Assignment:
Make an exact copy of the data below, leaving out every picture.

Data provided:
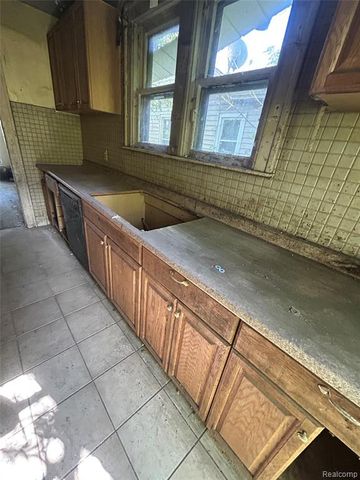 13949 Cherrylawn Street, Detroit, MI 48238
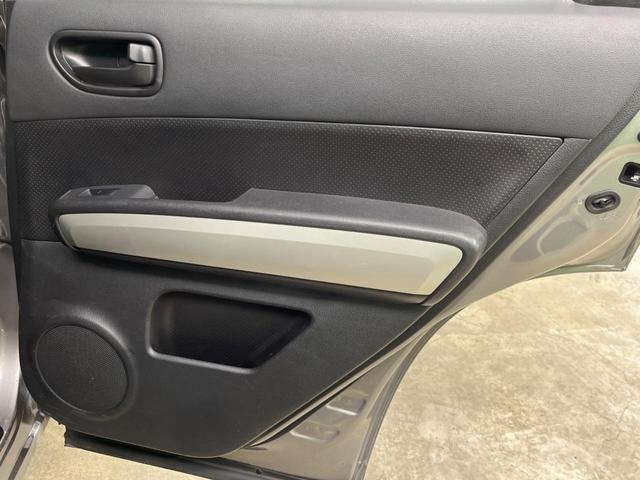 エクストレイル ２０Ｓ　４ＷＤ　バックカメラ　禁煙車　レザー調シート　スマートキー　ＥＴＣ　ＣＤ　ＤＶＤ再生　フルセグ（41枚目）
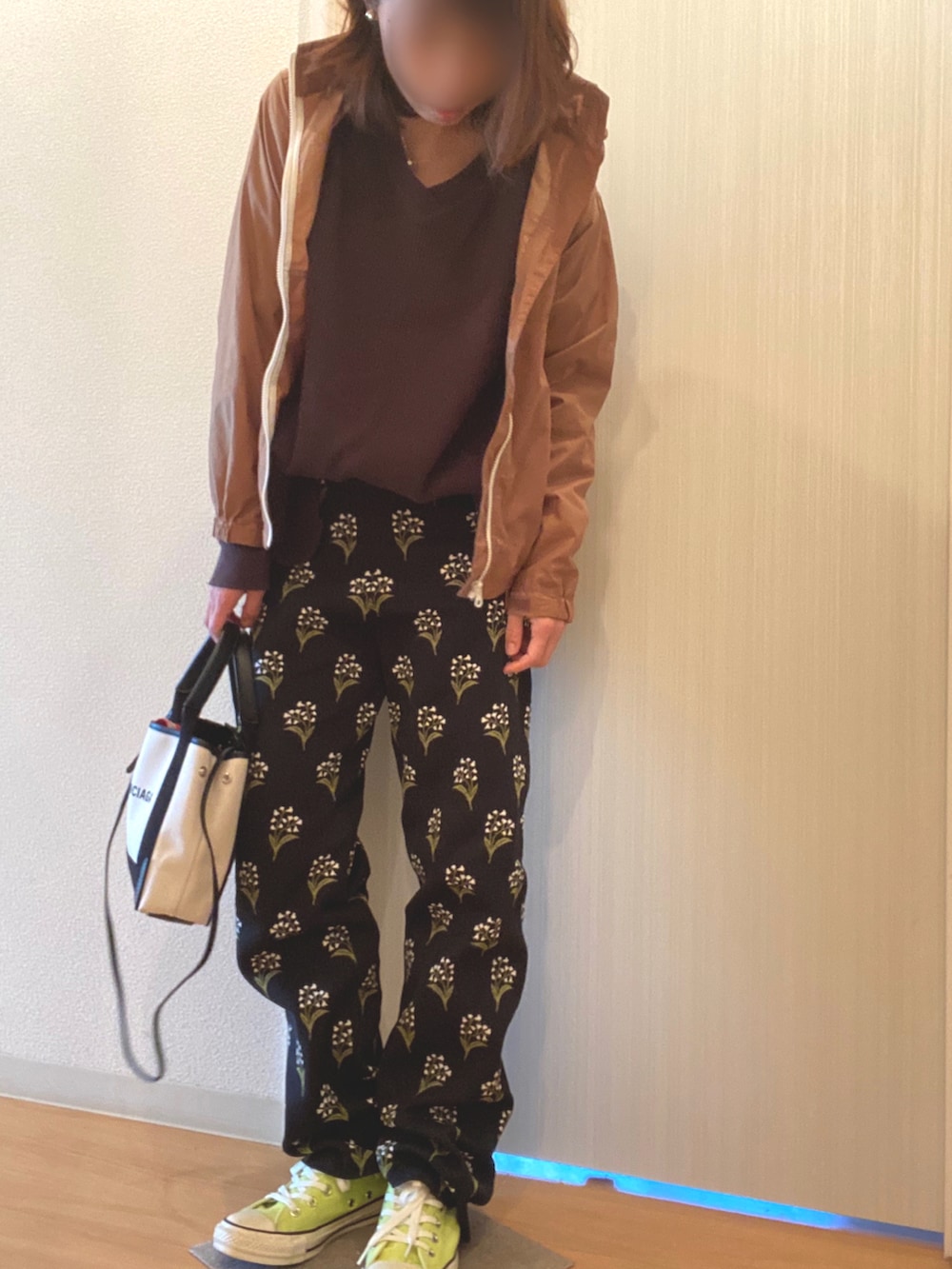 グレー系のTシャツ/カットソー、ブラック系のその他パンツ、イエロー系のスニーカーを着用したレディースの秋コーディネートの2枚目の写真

Answer below:
 13949 Cherrylawn Street, Detroit, MI 48238
 エクストレイル ２０Ｓ　４ＷＤ　バックカメラ　禁煙車　レザー調シート　スマートキー　ＥＴＣ　ＣＤ　ＤＶＤ再生　フルセグ（41枚目）
 グレー系のTシャツ/カットソー、ブラック系のその他パンツ、イエロー系のスニーカーを着用したレディースの秋コーディネートの2枚目の写真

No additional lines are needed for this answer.